By combining gravity and topography data collected by satellites, the scientists from Curtin University in Western Australia were able to use computer modelling to at first identify two basins on the far side of the Moon.

They later developed a high-resolution image to find a total of 280 "candidate basins" which they suspect are craters.

Will Featherstone
"There are many more (craters) that have been mapped from optical observations or from just the shape of the topography," researcher Will Featherstone told reporters.

"So there's many, many craters that were already known, we've just been able to apply this technique to enhance the ones that aren't so easy to see.

"What we have been able to use is the topography and the gravity together to get a stronger indication that there is something there that needs further investigation."

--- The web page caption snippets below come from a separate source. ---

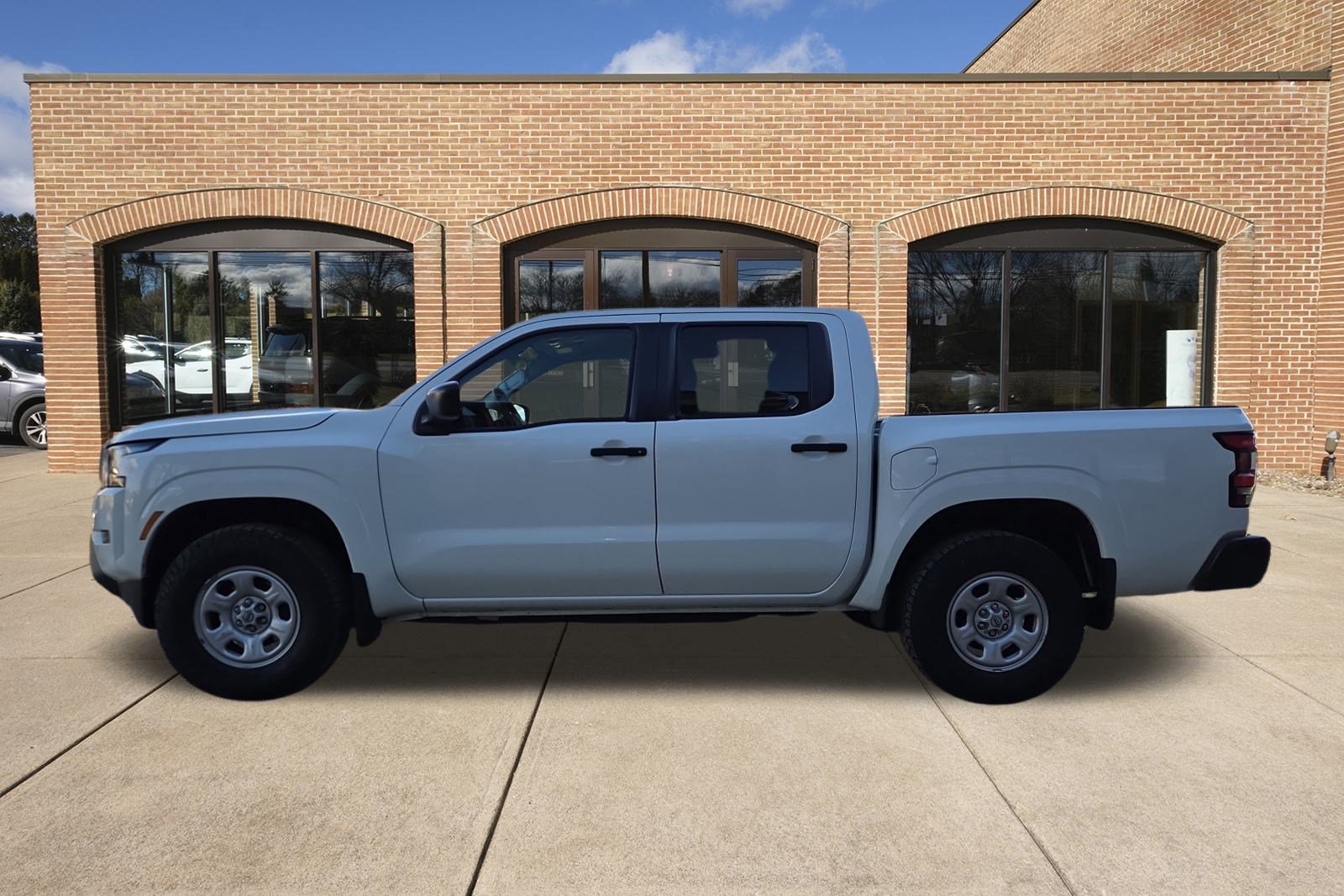 Used 2022 Nissan Frontier S w/ Technology Package image 7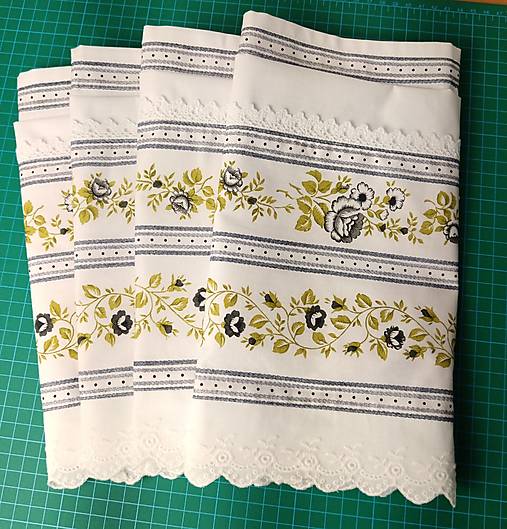 Kuchynská utierka bavlnená 45 × 70 cm – vidiecky vintage štýl, modré a sivé kvety, madeira, čipka, dekorácia do kuchyne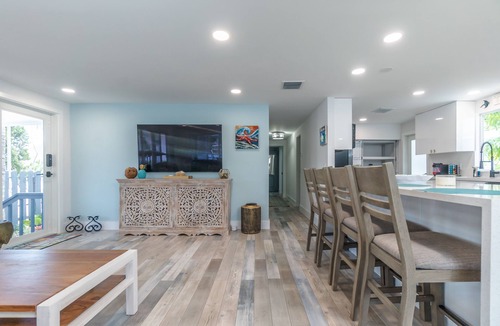 Cross Key Waterways House | Waterfront Key Largo Home 45’ Dock + Boat Lift 3BR/2.5BA Bay & Ocean Access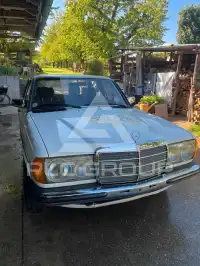 1982 Mercedes Benz 200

Featherstone said the researchers looked at the lunar surface on both the near and far sides of the Moon, the dark side being more challenging because satellites cannot be tracked from Earth when they are on that side.

To get around this, the researchers used data gathered from a mission which used multiple satellites which were tracking each other as they circled the Moon.

"So when the satellite orbiting the Moon went behind the far side and they couldn't be seen from Earth, they could be seen by other satellites," he said.

Featherstone said of the 280 possible craters, the researchers had classified 66 of them as distinctly visible according to both gravity and topography.

"Scientists can, instead of looking at every square inch of the Moon looking for basins, they can target these areas," he said.

"It just helps investigations of the Moon and the history of the Moon and the solar system," he added.

The team has also done some work on the gravity of Mars and Featherstone said other data sets were also available for Venus and other planets.

He said scientists were optimistic about further discoveries from applying their techniques to new gravity data from NASA's GRAIL mission, which ended in late 2012 when the two satellites - named Ebb and Flow - were deliberately crashed on the Moon.